When we get up to the studio on the 5th or 6th floor, we find about a dozen people, maybe a few more already here. There are some chairs set up in the studio itself, and a woman sits at a grand piano. I see a guy who looks like he might work here; I ask him what's going on. "Normally you'd have to pay, but a bunch of people didn't show up, so go on in," he says. Yuki and I go in and take a seat.

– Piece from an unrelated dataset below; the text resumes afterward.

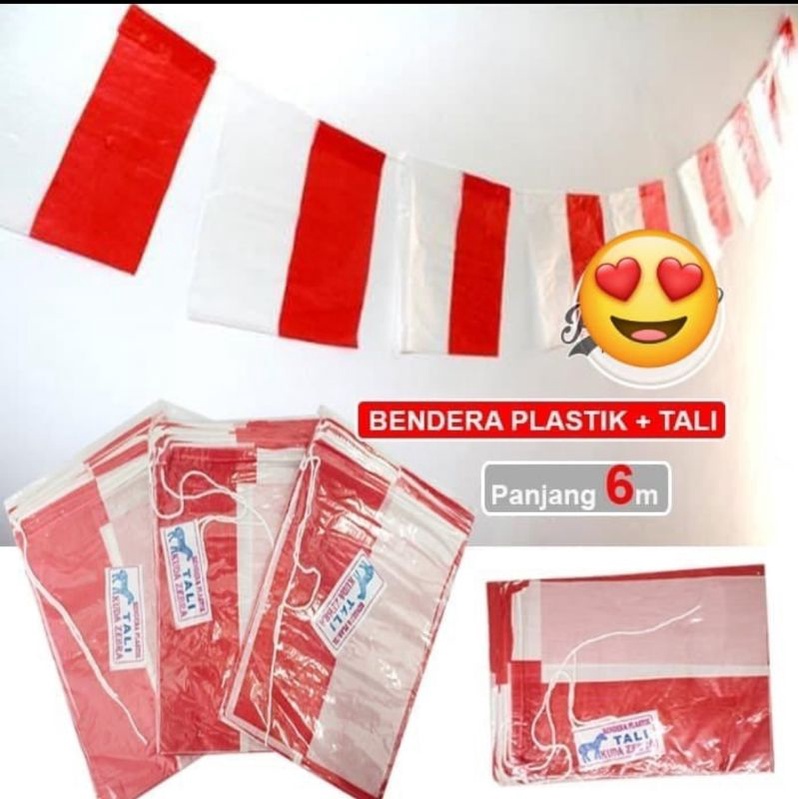 Bendera Plastik Merah Putih Plus Tali Siap Pasang/ Bendera Umbul-Umbul Bendera Peluit Merah Putih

After a few moments, the woman at the piano speaks: "Welcome to our regular live broadcast of Midnight Sky Garden. With everything going on, we had decided to cancel tonight's performance, but then we saw the number of people who showed up anyway--people who, despite the danger outside, made the trek to our studio tonight to see me play. And we thought about it, and we thought that maybe, with all the anxiety and fear and uncertainty in our lives right now, the best thing we could do is let the show go on, give all of you out there a moment of respite in these trying times. So without further ado..."

She begins to play. It's sweet, slow, lovely. The other audience members are enraptured. I--as in Me, not the Me I am playing in this video game--start to cry, and I don't know why. But then...maybe I do know. After all, these are trying times in the real world too, aren't they? Can I really be blamed for finding resonance in the notion of people putting themselves in extreme danger to seek out some fleeting semblance of normalcy and comfort? Or that someone else is willing to put their own selves at risk to provide that comfort? Well. In any event, I sit, and the video game Me sits, and I and Yuki and the sparse studio audience and the woman at the piano share this sweet, sad, quiet moment, not thinking about anything else, in this tiny studio, in the middle of the night, somewhere in the world.

And then an Eva unit cuts the building in half.